[Brief descriptive captions]
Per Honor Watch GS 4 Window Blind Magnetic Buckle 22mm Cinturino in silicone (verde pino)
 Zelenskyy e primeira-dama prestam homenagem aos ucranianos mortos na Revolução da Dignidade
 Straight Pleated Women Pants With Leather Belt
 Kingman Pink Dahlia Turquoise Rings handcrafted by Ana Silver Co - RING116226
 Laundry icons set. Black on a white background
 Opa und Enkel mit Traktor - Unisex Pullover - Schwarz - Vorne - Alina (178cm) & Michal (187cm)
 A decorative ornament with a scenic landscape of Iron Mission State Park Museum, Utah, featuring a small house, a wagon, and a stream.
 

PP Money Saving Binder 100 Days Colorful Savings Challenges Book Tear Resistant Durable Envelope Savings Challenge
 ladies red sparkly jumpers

- **Task item**:
Each record must be transcribed exactly, with nothing left out.

- **Result below**:
Per Honor Watch GS 4 Window Blind Magnetic Buckle 22mm Cinturino in silicone (verde pino)
 Zelenskyy e primeira-dama prestam homenagem aos ucranianos mortos na Revolução da Dignidade
 Straight Pleated Women Pants With Leather Belt
 Kingman Pink Dahlia Turquoise Rings handcrafted by Ana Silver Co - RING116226
 Laundry icons set. Black on a white background
 Opa und Enkel mit Traktor - Unisex Pullover - Schwarz - Vorne - Alina (178cm) & Michal (187cm)
 A decorative ornament with a scenic landscape of Iron Mission State Park Museum, Utah, featuring a small house, a wagon, and a stream.
 

PP Money Saving Binder 100 Days Colorful Savings Challenges Book Tear Resistant Durable Envelope Savings Challenge
 ladies red sparkly jumpers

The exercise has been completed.